Review: Putting Stories to Work and Out On the Wire
eagereyes 2017-09-19
Two books I’ve read recently make good points about stories that apply to data stories, without the books being about data: Shawn Callahan’s Putting Stories to Work and Jessica Abel’s Out On the Wire.
Strategic Use of Stories
In Putting Stories to Work, Shawn Callahan has a very pragmatic view of how stories can be used in business. In particular, he advocates the use of anecdotes and he insists that the stories you tell must be true and must be yours (and if not, you have to tell people so you don’t risk making a fool of yourself).
Callahan endeared himself to me early on in the book with his criticism of the overuse of the term story:
Everyone is talking about stories these days: ‘What’s the story of our business?’ ‘What’s the story of our product?’ ‘What’s my personal story?’ I even saw an advertisement in a shirt shop on Fifth Avenue in New York announcing the story of the shirts. But if you listen carefully, you’ll discover that many people who purport to share a story are not actually sharing one at all. It’s as if they think that if they are talking, they are telling a story.
The point of the book is to use stories to make a specific point: establish your credibility, get ahead of potential counterarguments, get people to listen rather than think of what to say next, etc. To do that, you have to mine for stories. That is easier than it seems, but it requires some process and practice. But it’s also useful, because it opens your eyes to the stories (and non-stories) around you.
This is a business book, but like Made to Stick it’s equal parts fascinating and fun to read. Callahan’s company isn’t called Anecdote for nothing, the book is filled with tons of stories that illustrate his points, thus also illustrating his overall point that stories are useful.
Telling Stories in Journalism
Jessica Abel’s Out on the Wire is a comic about how radio is made. If the idea of reading a serious comic puts you off, you haven’t read any good comics (serious or not). Abel’s book fits right in with great comics like Scott McCloud’s Understanding Comics, Nick Sousanis’ Unflattening, or Doxiadis et al.’s Logicomix.
She tells many stories about radio, in particular the NPR programs This American Life and Snap Judgment. There are many interesting insights into how they find and shape stories, how stories change as they develop, and how the agonizing creative process is playing out even in these well-known radio programs that have been going on for many years.
The book is very nicely structured and Abel works in many little details while focusing on a number of important messages. Perhaps the most interesting to me were the two key ways of expressing a story’s point. There is the story formula, which is a good test for many data stories:
I’m doing a story about X (the topic). And what’s interesting about it is Y (the story).
And perhaps more importantly, to make a compelling story, you need some sort of obstacle to overcome. This is expressed in the focus sentence:
Somebody does something because (motivation), but (challenge to overcome).
It’s interesting to think about how these things apply to what we like to call stories with data – and how most of them really don’t have these elements. Data stories for the most part just lay out information without a lot of structure – but more on that in another posting.

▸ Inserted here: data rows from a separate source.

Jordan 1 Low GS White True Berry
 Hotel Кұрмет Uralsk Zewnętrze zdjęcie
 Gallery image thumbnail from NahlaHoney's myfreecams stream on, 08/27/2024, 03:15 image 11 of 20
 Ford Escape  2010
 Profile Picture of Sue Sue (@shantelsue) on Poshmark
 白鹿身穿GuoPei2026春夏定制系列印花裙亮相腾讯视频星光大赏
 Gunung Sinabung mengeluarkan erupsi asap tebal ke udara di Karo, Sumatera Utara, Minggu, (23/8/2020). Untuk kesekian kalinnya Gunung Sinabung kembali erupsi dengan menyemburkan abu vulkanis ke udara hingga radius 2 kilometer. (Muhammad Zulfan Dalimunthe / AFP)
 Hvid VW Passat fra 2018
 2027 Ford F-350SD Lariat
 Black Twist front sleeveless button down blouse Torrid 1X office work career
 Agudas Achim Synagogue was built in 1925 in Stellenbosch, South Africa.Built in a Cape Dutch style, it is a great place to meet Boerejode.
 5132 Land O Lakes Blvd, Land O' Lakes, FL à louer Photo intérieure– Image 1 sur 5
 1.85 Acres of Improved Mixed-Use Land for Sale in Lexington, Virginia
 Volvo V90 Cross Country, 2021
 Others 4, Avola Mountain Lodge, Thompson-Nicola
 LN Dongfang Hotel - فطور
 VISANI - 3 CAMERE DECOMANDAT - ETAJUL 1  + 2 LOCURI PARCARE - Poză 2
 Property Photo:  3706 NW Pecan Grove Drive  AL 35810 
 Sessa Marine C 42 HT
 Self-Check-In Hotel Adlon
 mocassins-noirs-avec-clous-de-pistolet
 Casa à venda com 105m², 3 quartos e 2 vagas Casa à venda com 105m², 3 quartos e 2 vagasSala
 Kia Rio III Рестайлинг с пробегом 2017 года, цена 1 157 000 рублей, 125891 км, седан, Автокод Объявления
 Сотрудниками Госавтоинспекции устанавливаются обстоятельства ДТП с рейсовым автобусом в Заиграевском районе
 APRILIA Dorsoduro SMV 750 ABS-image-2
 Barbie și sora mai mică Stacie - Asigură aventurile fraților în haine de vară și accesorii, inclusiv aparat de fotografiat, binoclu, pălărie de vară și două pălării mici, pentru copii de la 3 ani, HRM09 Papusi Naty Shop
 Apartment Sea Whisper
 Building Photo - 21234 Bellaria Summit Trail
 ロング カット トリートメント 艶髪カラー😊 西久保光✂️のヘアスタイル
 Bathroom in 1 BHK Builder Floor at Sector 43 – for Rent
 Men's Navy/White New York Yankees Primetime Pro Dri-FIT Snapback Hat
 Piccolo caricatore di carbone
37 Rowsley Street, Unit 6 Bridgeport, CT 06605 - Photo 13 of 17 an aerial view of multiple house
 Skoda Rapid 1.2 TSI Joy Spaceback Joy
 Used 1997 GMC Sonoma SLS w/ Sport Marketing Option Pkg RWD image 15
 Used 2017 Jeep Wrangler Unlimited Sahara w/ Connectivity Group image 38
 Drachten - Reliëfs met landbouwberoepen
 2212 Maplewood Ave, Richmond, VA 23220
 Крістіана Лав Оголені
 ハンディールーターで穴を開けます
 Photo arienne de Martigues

There are some radio-specific parts in the book that weren’t as interesting to me (though they’re fun to observe the next time you listen to a good radio program or well-produced podcast). The majority of the book is applicable to any form of structured narrative, however.
If you're interested in telling stories with data, these two books are going to give you a better understanding of how stories can work in specific contexts. Both are based on a wealth of expertise and experience, Callahan from the business side and Abel from the radio side. They're also very different, and very nicely complement each other.